= Juliet Kac =

New Zealand artist

Juliet Kac (born 1949) is a New Zealand artist. Kac was born in Wellington in 1949. Her mother was a teacher, and her family background was 'cultured', with frequent visits to concerts and ballet. Her father worked as a paint chemist, so Kac grew up in an environment where paint was readily available. Kac gained an MA in Fine Arts from the Elam School of Fine Arts in 1973.

Kac travelled by boat to Europe, and for several months travelled around the Mediterranean before settling in England where she lived for a while in Cambridge. Kac met her husband there, and they moved south together so he could study at Sussex University.
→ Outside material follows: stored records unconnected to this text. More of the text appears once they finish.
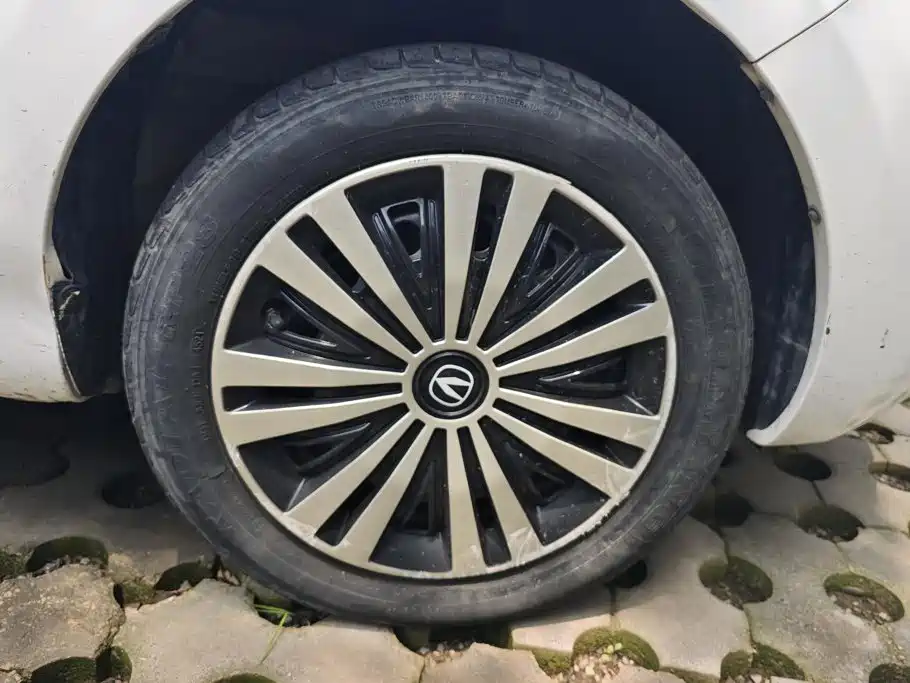 Changan Benben E-Star 2022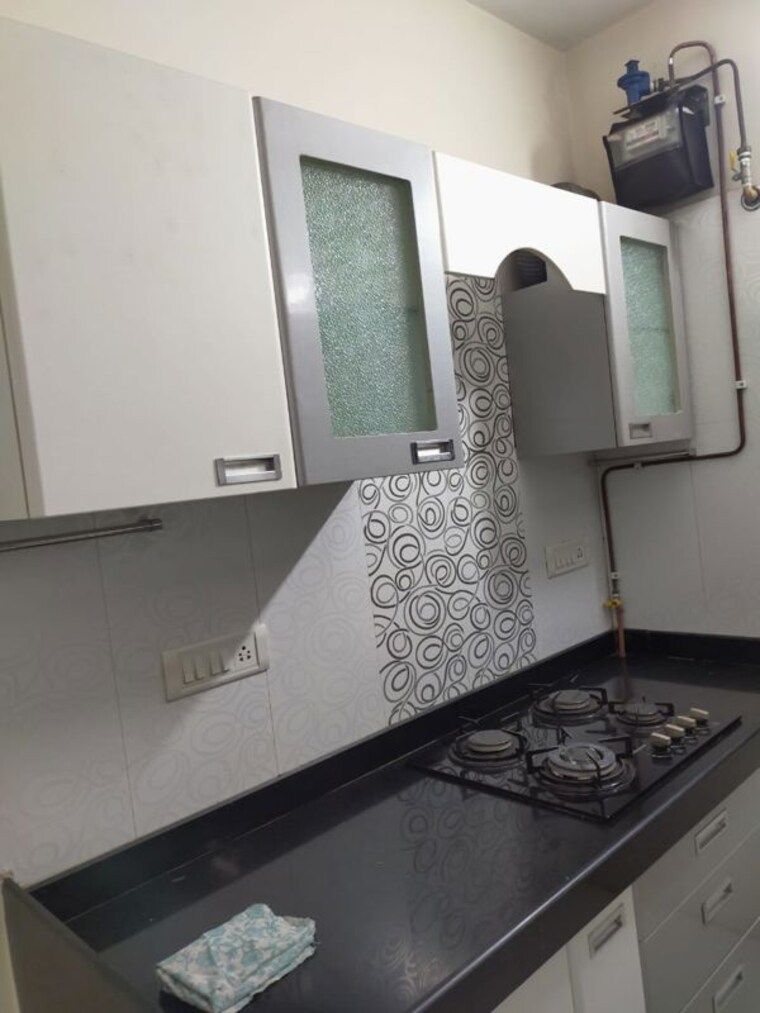 Kitchen, sky-view-chs-andheri 1 Bedroom 450 Sq.Ft. Apartment In Andheri East Mumbai 9895569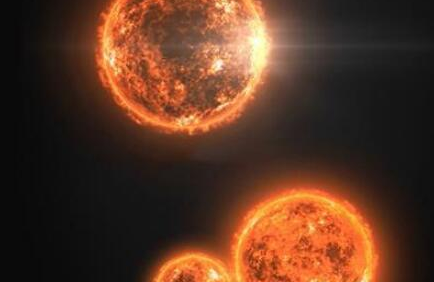 主序星究竟有多大？科学家猜测，约为太阳质量的100倍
Kac was a founding member of North Star Studios, a printmaking cooperative in Brighton. Due to difficult family circumstances, Kac returned to New Zealand for a period of time, and was active in the arts scene. Kac exhibited at the New Zealand Academy of Fine Arts in 1982. In 1987, Kac exhibited at the Mt Victoria cafe with three other Wellington-based artists - Patricia Susan Fry, Gerda Leenards and Eve Halliwell.

In 1987 Kac returned to Brighton, and has remained there since. She gained a PhD from the University of Brighton in 2003.

Kac's PhD thesis explored the relationship between music and painting, with reference to Frantisek Kupka, and to Kac's personal art practice. She was supervised by Professor Michael Tucker. Kac is an active artist, and currently teaches portraiture.